# DISTIL Usage Example: CIFAR-10 with Redundancy

Occasionally, a labeled dataset may not have enough data to yield good model performance. The easiest fix is to add more data by selecting and labeling unlabeled instances from a large pool of unlabeled data. However, the relative ease of acquiring unlabeled data in certain instances makes it very easy to accrue massive amounts of redundant examples. Adding redundant examples to a labeled dataset does not yield substantive performance benefits for the added computational cost. So, how do we select examples from the unlabeled pool that are not redundant with respect to our labeled dataset?

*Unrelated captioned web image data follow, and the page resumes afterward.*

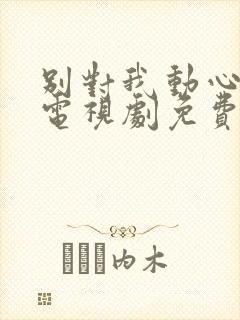 别对我动心高清电视剧免费观看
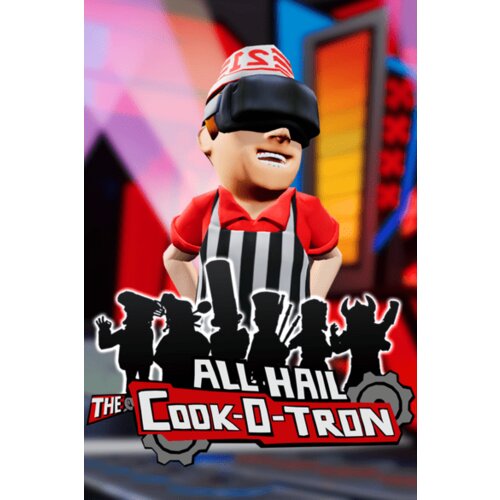 Steam All Hail The Cook-o-tron [VR] (PC) Key GLOBAL Cene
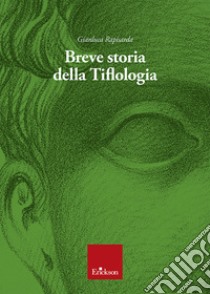 Breve storia della tiflologia libro di Rapisarda Gianluca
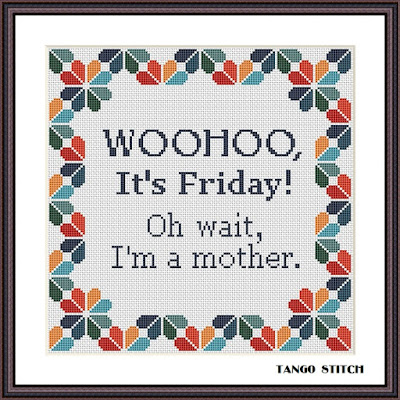 It's Friday funny mom's quote cross stitch hand embroidery pattern - Tango Stitch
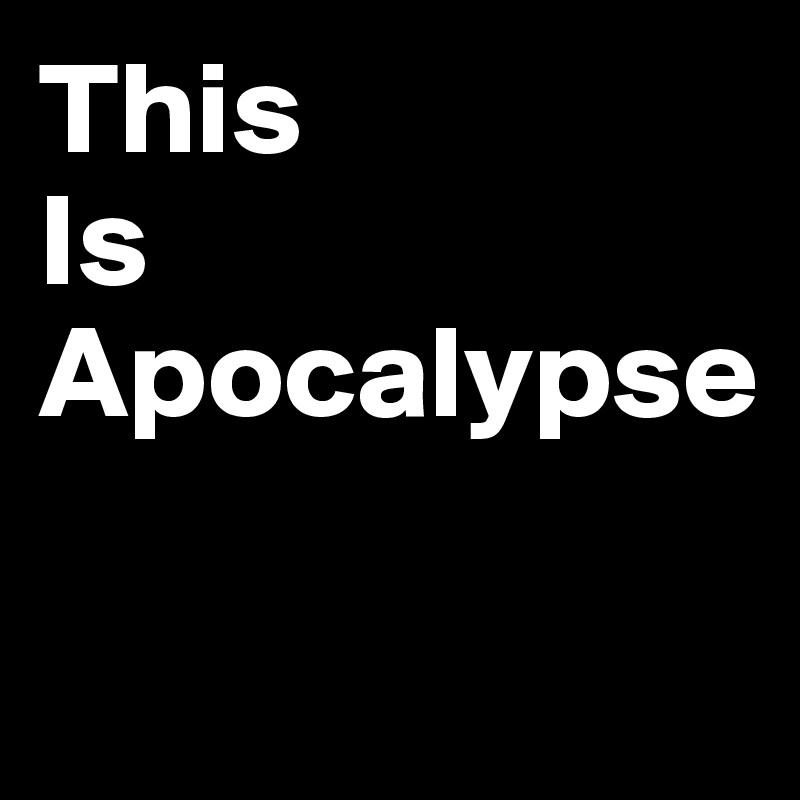 This
Is
Apocalypse

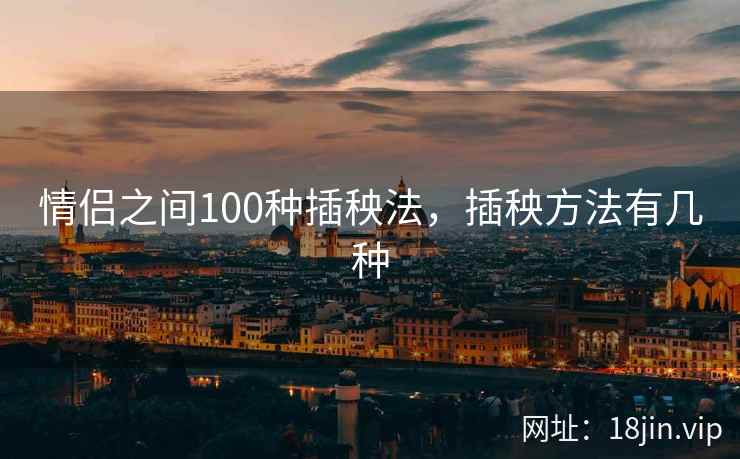 情侣之间100种插秧法，插秧方法有几种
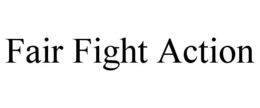 FAIR FIGHT ACTION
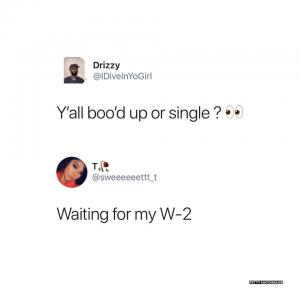 Y'all boo'd up or single?

Waiting for my W-2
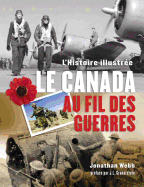 Le Canada Au Fil Des Guerres: L'Histoire Illustr?e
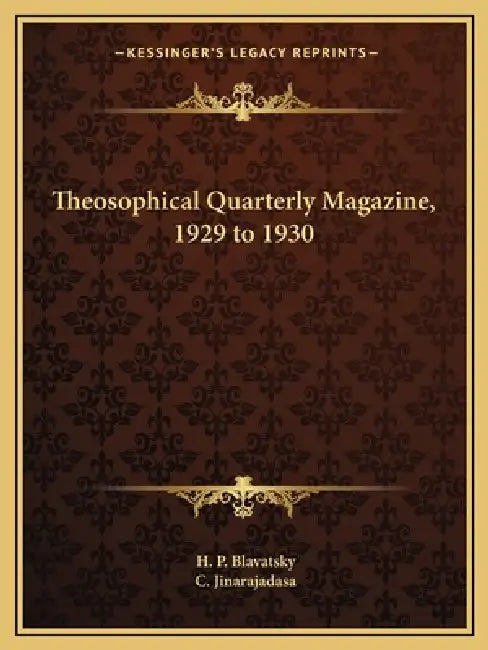 Theosophical Quarterly Magazine, 1929 to 1930 by H. P. Blavatsky, C. Jinarajadasa
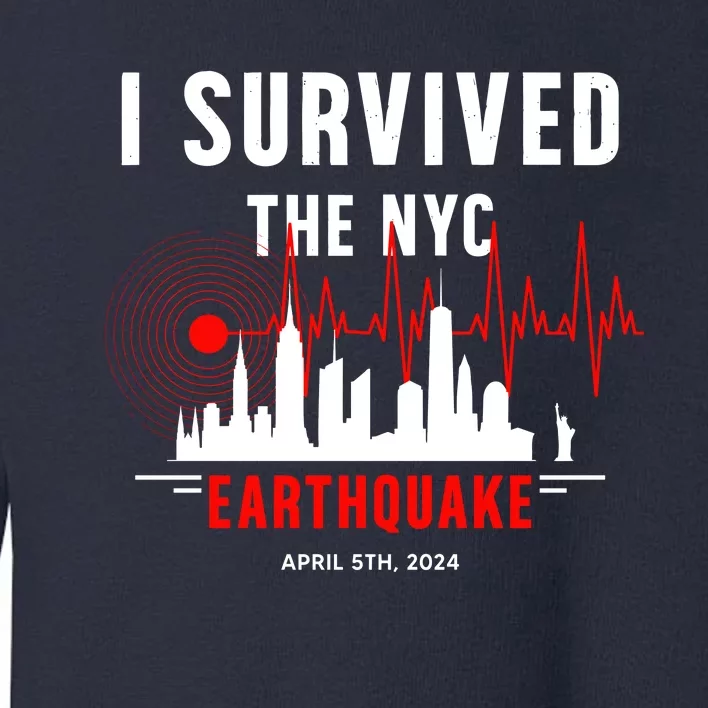 I Survived The Nyc Earthquake 5th April 2024 Toddler Sweatshirt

Here, we show how to use DISTIL's implementation of [SIMILAR](https://arxiv.org/abs/2107.00717) to avoid selecting redundant data.

# Preparation

## Installation and Imports

In [1]:
# Get DISTIL
!git clone https://github.com/decile-team/distil.git
!pip install -r distil/requirements/requirements.txt

import copy
import matplotlib.pyplot as plt
import numpy as np
import os
import sys
import torch
import torch.optim as optim
import torch.nn.functional as F

from torch import nn
from torch.autograd import Variable
from torch.utils.data import Dataset, Subset, ConcatDataset, DataLoader
from torchvision import transforms
from torchvision.datasets import cifar

sys.path.append('distil/')
from distil.active_learning_strategies import SCG, GLISTER, BADGE, EntropySampling, RandomSampling  # All active learning strategies showcased in this example
from distil.utils.models.resnet import ResNet18                                                     # The model used in our image classification example
from distil.utils.train_helper import data_train                                                    # A utility training class provided by DISTIL
from distil.utils.utils import LabeledToUnlabeledDataset                                            # A utility wrapper class that removes labels from labeled PyTorch dataset objects

Cloning into 'distil'...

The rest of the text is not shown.